1 Reply Latest reply on Nov 3, 2021 12:51 PM by Josette Schluter

    Seeking naturalization records for Emidio Giaimo and Matteo Macaluso

    Elizabeth Reenstra Newbie

      I am looking for naturalization records as well as date of confirmation it was completed for my great grandfather - Emidio Giaimo (Emidio Francesco “Mimi” Giaimo) who resided in Passaic, NJ. He would have been naturalized around 1925 (I think). I’ve seen previous declarations (seems he submitted a few times over the years and they expired) but no confirmation yet found despite a 1930 census saying he naturalized and an immigration document from travel back to the US from Italy stating NA August 1925. He originated from Petralia Sottona, Palermo and would have arrived 1899 or 1900.


      I’m also looking for his father in-laws records - his name is Matteo Calogero Macaluso also from Petralia Sottona. He arrived around the same time 1889 or 1900 and in some census documents it says NA for 1904. His name also changed to Matthew Macaluso in some census data. His wife was Caterina Orlando or Catherine Macaluso.

        • Re: Seeking naturalization records for Emidio Giaimo and Matteo Macaluso
          Josette Schluter Tracker

          Dear Ms. Reenstra,


          Thank you for posting your request on History Hub!


          If your father-in-law was naturalized prior to September 27, 1906, any "court of record" (municipal, county, state, or Federal) could grant United States citizenship. Often petitioners went to the court most geographically convenient for them. As a general rule, the National Archives does not have naturalization records created in state or local courts. However, a few indexes and records have been donated to the National Archives from counties, states, and local courts. Researchers should contact the National Archives facility serving the state in which the petitioner resided to determine if records from lower courts are available. In certain cases county court naturalization records maintained by the National Archives are available as microfilm publications.  Records from state and local courts are often at state archives or county historical societies.

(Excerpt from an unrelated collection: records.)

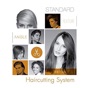 Standard Haircutting System app download
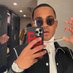 Ejay🤍✨ (@ejaymiamii) Twitter profile photo Ejay🤍✨ (@ejaymiamii) Twitter profile photo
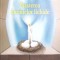 NASTEREA DORINTELOR LICHIDE-RUXANDRA CESEREANU-278259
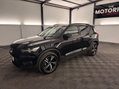 Volvo XC40 2.0 D3 R-Design Euro 6 (s/s) 5dr 49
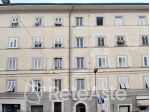 IMMOBILI-IMMOBILE RESIDENZIALE-Via Palestro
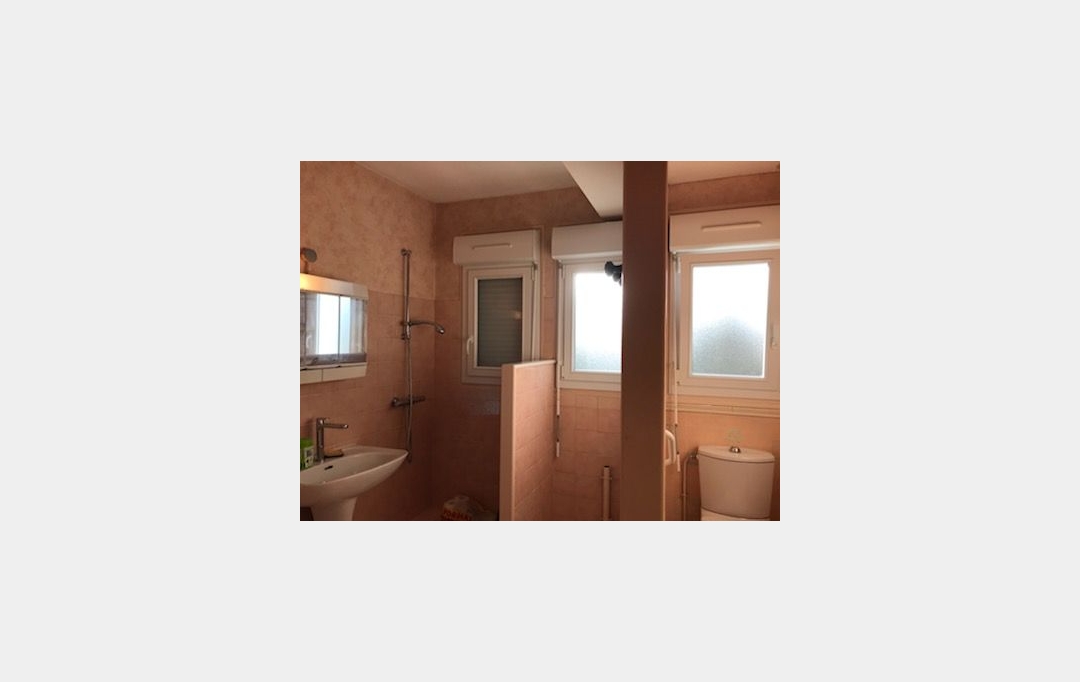 Agence Cosi : House | SAINT-ANDRE-LES-VERGERS (10120) | 82 m2 | 165 850 € 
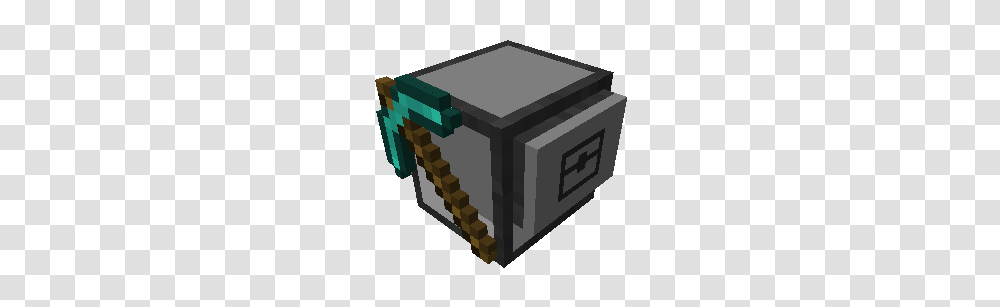 Minecraft Computercraft Turtles, Rug, Box, Tool, Rubix Cube Transparent Png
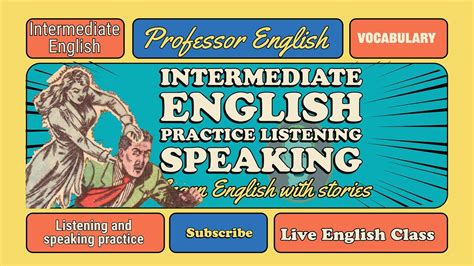 Image result for English Lessons Intermediate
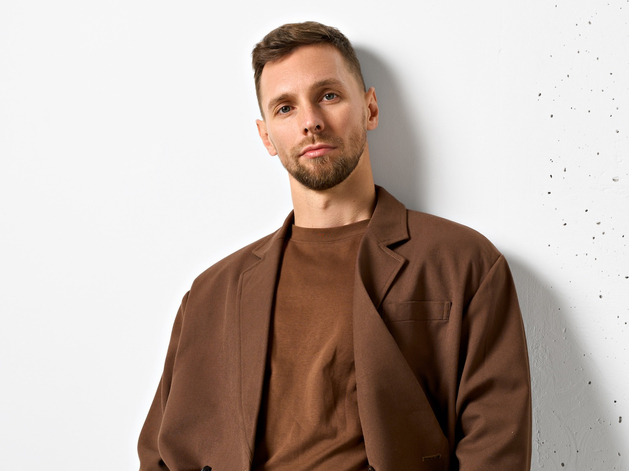 Ресторатор Александр Митраков закрыл еще один свой проект в Красноярске Ресторатор Александр Митраков закрыл еще один свой проект в Красноярске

          Beginning on September 27, 1906, the responsibility for naturalization proceedings was transferred to the Federal courts. If a naturalization took place in a Federal court, naturalization indexes, declarations of intention (with any accompanying certificates of arrival), and petitions for naturalization will usually be in the National Archives facility serving the state in which the Federal court is located. Records for Passaic, New Jersey  would be in the custody of the National  Archives at New York. For more information about these records, please contact the National Archives at New York (RE-NY) at newyork.archives@nara.gov.  No central index exists. To ensure a successful request with the National Archives, researchers should include: the name of petitioner (including known variants); date of birth; approximate date of entry to the US; approximate date of naturalization; where the individual was residing at the time of naturalization (city/county/state); and country of origin.


          Due to the COVID-19 pandemic and pursuant to guidance received from the Office of Management and Budget (OMB), NARA has adjusted its normal operations to balance the need of completing its mission-critical work while also adhering to the recommended social distancing for the safety of NARA staff. As a result of this re-prioritization of activities, you may experience a delay in receiving an initial acknowledgement as well as a substantive response to your reference request from RE-NY. We apologize for this inconvenience and appreciate your understanding and patience.


          While the Federal Courts were given responsibility for naturalization proceedings, it took time for the lower courts to let go of the practice, so you may need to look at lower courts if the National Archives does not maintain a record of naturalization from the early-mid 20th century. We suggest that you contact the New Jersey State Archives in Trenton, New Jersey.


          The records you seek may be available in digital form and may be viewed online via Ancestry. There may be a fee for using this service. Instead, please check for access at your local library as many library systems subscribe to these sites, making them free for their patrons.


          All INS records are now overseen by the US Citizenship and Immigration Services (USCIS). USCIS maintains duplicate copies of court records (including the certificate of citizenship) created from September 27, 1906 through March 31, 1956 within Certificate Files (C-Files). Beginning on April 1, 1956, INS began filing all naturalization records in a subject’s Alien File (A-File). C-Files and certain A-Files may be requested through the USCIS Genealogy Program.


          We hope this is helpful. Best of luck with your family research!